→ **Problem**
Starting at the line that contains "高端山水灰色框画 TIF分层", transcribe every remaining line of the data below exactly, and omit all pictures.

→ **Source material**
──────────

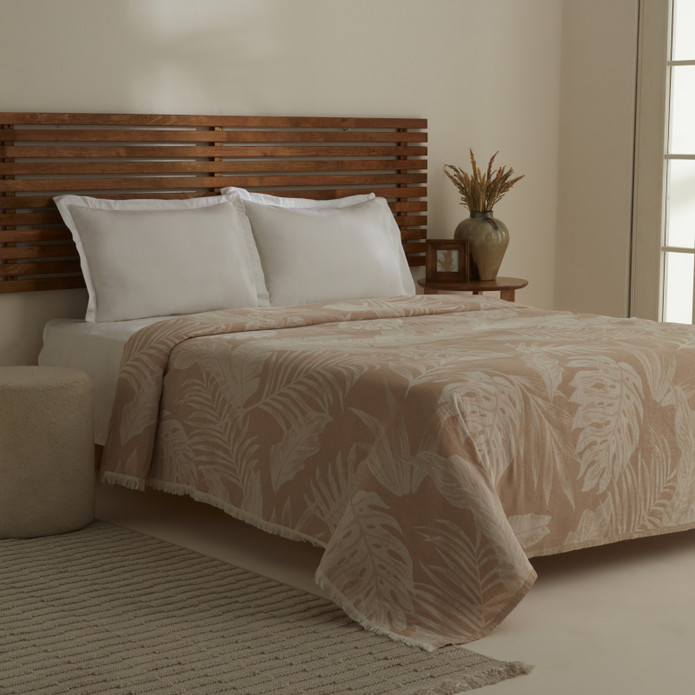 Karaca Home Leafy Sea Müslin Çift Kişilik Tek Pike Bej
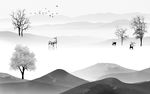 高端山水灰色框画 TIF分层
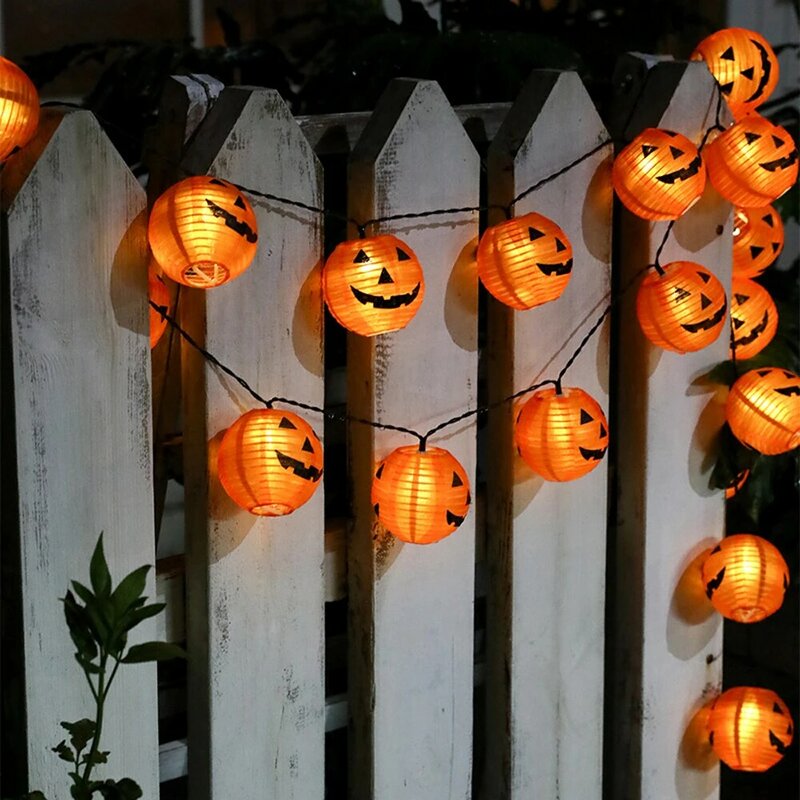 10/20/30 led halloween abóbora lanterna luzes da corda solar halloween 3d abóbora luzes interior ao ar livre decoração de casa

──────────

→ **Reply**
 高端山水灰色框画 TIF分层
 10/20/30 led halloween abóbora lanterna luzes da corda solar halloween 3d abóbora luzes interior ao ar livre decoração de casa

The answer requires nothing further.